In St. Juliana’s case, the Michigan Court of Claims ruled with the state, arguing the law clearly requires a notice of intent be filed within six months of the actionable issue. A Court of Appeals panel of judges in July reversed the lower court ruling. The appellate panel found that, on a wrongful death claim, there are specific provisions in the law extending the timeframe for filing in order to safeguard the rights of those filing on behalf of the deceased.
“We conclude that this provision not only extends the filing timeframe but also tolls the statutory notice period,” the panel wrote in July.
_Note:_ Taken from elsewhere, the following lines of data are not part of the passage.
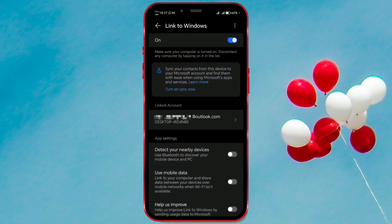Here, you'll find the name of your laptop and the account that is connected. Click on it.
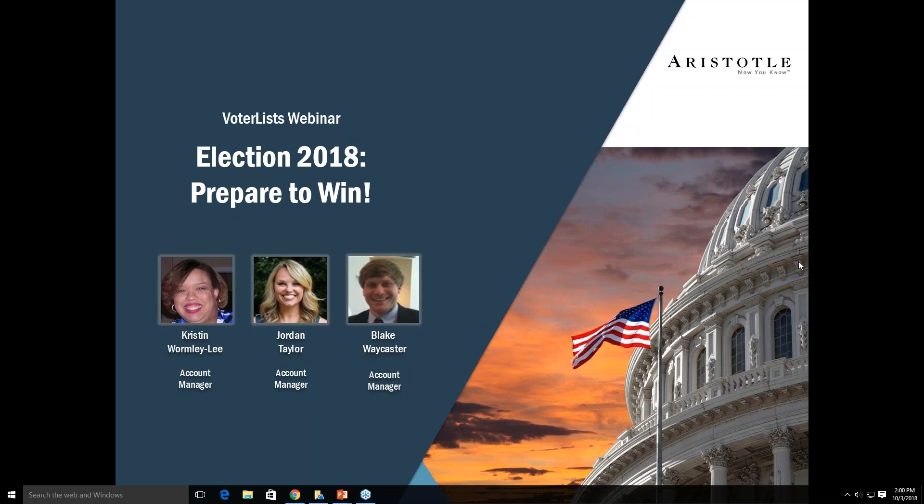Hi everyone, thank you so much for joining us today. We understand that everybody has a very busy schedule, especially with the upcoming elections, so we're very grateful for you taking some time out of your day. My name is Jordan Taylor, I'm an account manager here at Aristotle on the national data team.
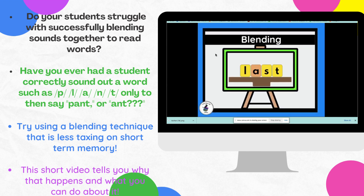The nice thing is that eventually what you may start to see is that letter strings will become familiar and become unitized, so that they're going to get to the point where they may look at a word such as 'last' and — if the chunk A-S-T, 'ast,' is unitized for a student — then they're able to just do 'l' + 'ast' — 'last' — and reading becomes much easier for them.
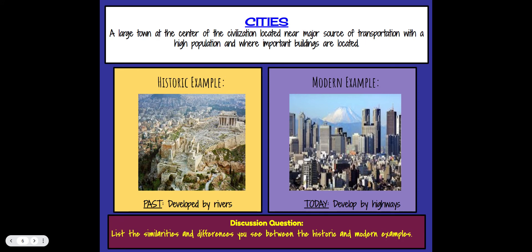Cities are large towns at the center of a civilization, located near a major source of transportation, with a high population and important buildings. Historically, cities were developed by rivers because rivers provided a water supply, attracted animals, and reduced the need to hunt for food. Today, a modern example of a city is developed by highways, providing easy access in and out. On your paper, list the similarities and differences you see between the historic and modern examples — you can come up with your own, not just rivers and highways.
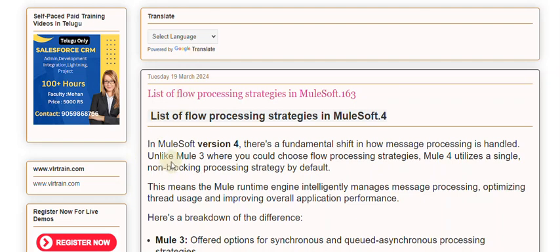How message processing is handled: unlike Mule 3 where you could choose flow processing strategies, Mule 4 utilizes a single, non-blocking processing strategy by default. This means the Mule runtime engine intelligently manages message processing, optimizing thread usage and improving overall application performance.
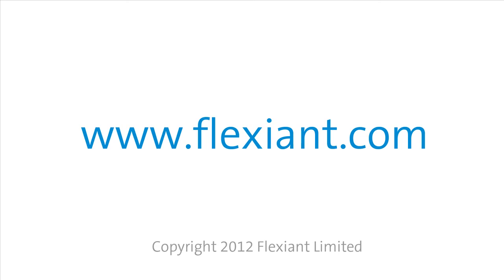If you would like to learn more about Flexient Cloud Orchestrator, visit us online at www.flexiant.com.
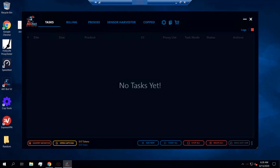Hey guys, it's Lucas, and in this video we're going to be showing you how you can set up your CAPTCHA solvers on AIObot. I'm going to briefly talk about the different CAPTCHA solvers that you will be dealing with on different sites. To set up your CAPTCHA solver, you first want to go to the tasks tab.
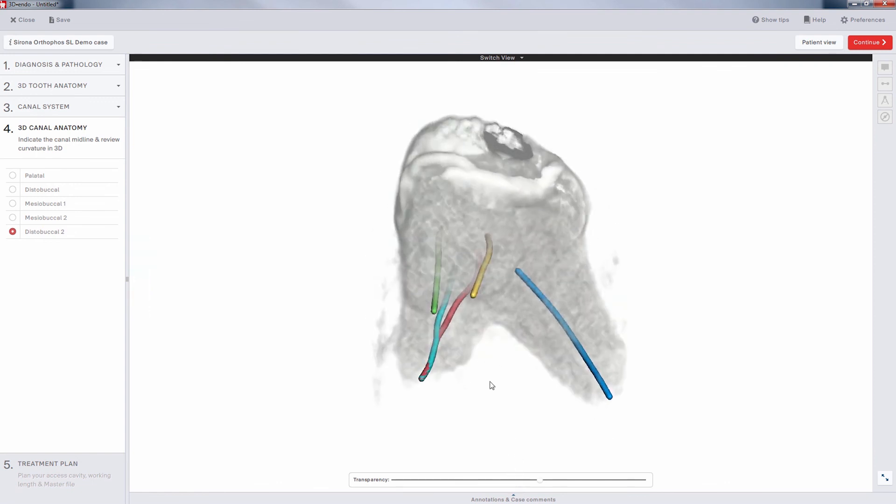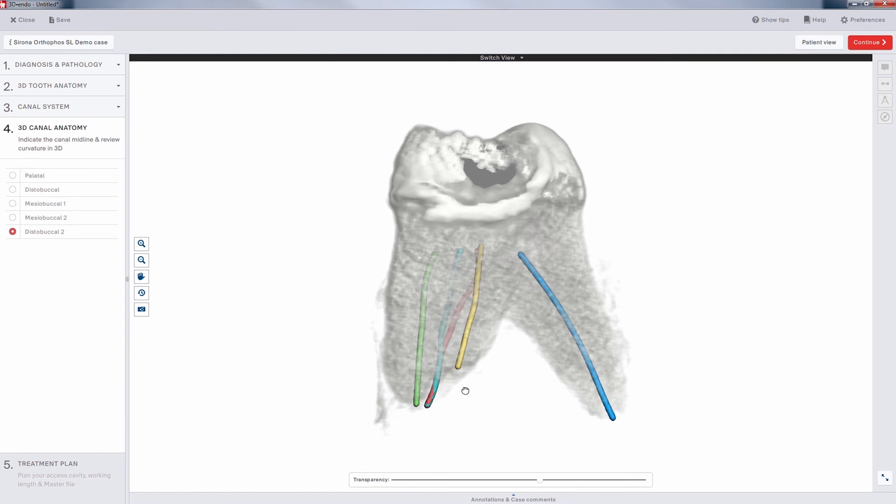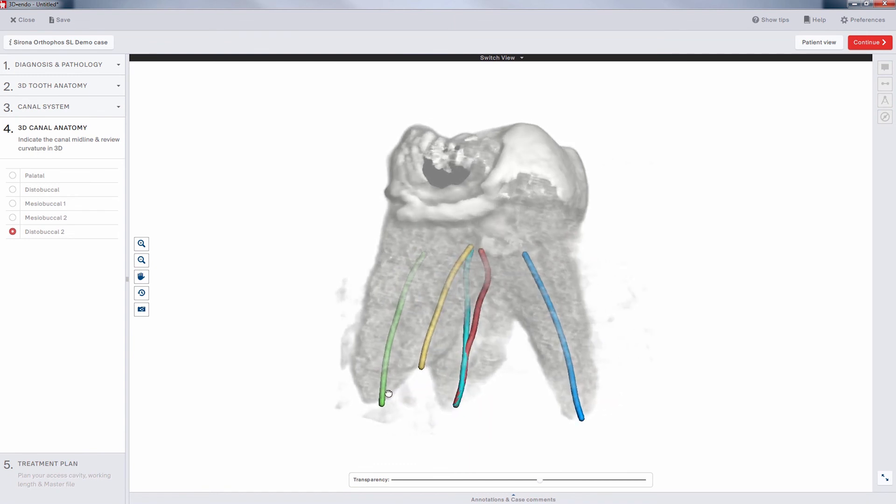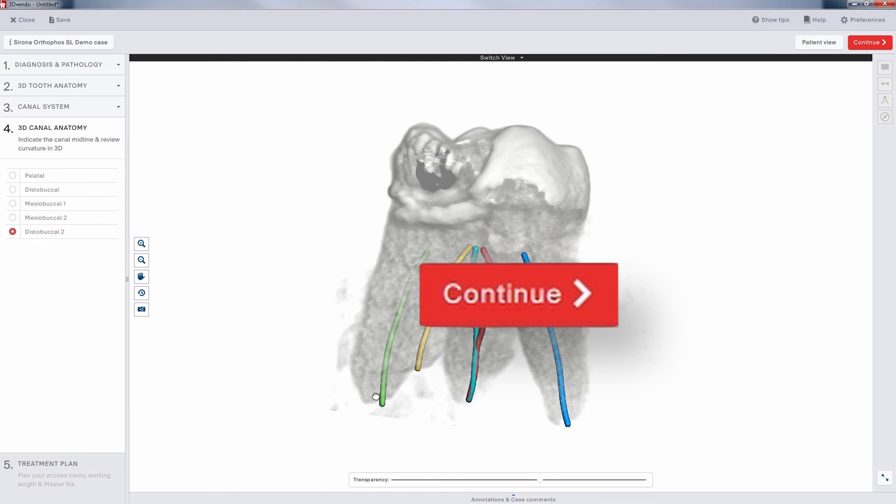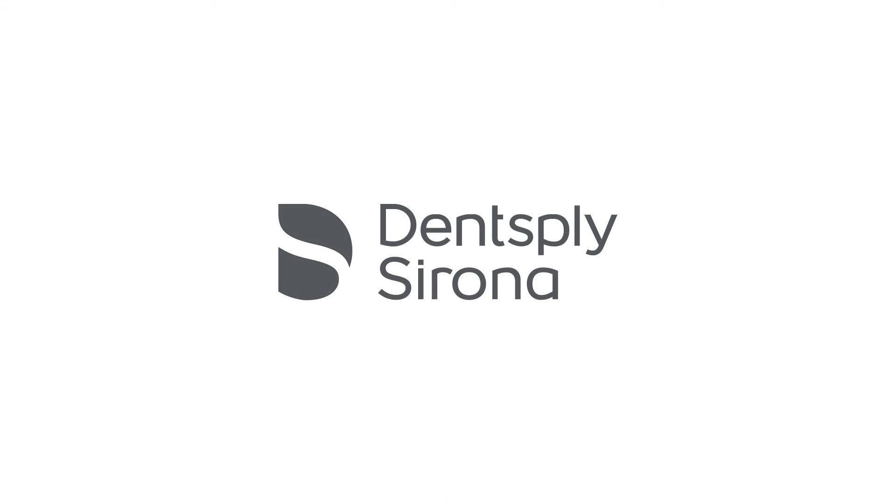With this view, you can anticipate curvatures and see where canals merge, all before ever opening the tooth. When you're satisfied with your canal trajectories, click the red Continue button in the upper right-hand corner to go to Treatment Planning.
In August, the state police appealed the Court of Appeals ruling to the Michigan Supreme Court. The high court on Monday noted it had another case involving Michigan State University that revolved around a similar question and could help resolve some of the questions in the St. Juliana case.
The Michigan State University case, which is pending before the high court, was brought as a breach of contract action by two law professors, Amy and Robert McCormick.
The husband and wife were tenured faculty at the Detroit College of Law before it merged with MSU in 2020. Prior to the merger, in 2013, the McCormicks entered into contract agreements with the Detroit College of Law in which Robert agreed to retire and gain certain retirement benefits, while Amy agreed to continue as an emeritus professor.
During the merger, the Detroit College of Law and MSU agreed that all Detroit College of Law employees would be terminated Dec. 31, 2019, and then offered new employment on Jan. 1, 2020. MSU also agreed to assume, pay or discharge all of the Detroit College of Law’s liabilities and obligations.
Amy McCormick declined to take employment with MSU. And the McCormicks filed breach of contract claims, but initially only against the Detroit College of Law.
The McCormicks said they did not learn of MSU’s agreement to assume the Detroit College of Law’s obligations until May 2022, after which they filed a notice of intent to sue MSU as well on the grounds that their contracts had been breached, according to court filings. MSU contested the suit on the grounds that notice had not been filed within six months of the merger.
The McCormicks argued that they were afforded a two-year window after discovery of the agreement in May 2022 under what’s called the fraudulent-concealment exemption. The Court of Claims and Court of Appeals have so far sided with the McCormicks.
The exemption the McCormicks cited is similar to the wrongful death exemption St. Juliana is citing, in that both claims argue there should be a two-year window for notice of intent following either fraudulent concealment or a wrongful death.
“… The decision in that case may resolve an issue raised in the present application for leave to appeal,” the Monday Supreme Court order said of the McCormick and St. Juliana cases.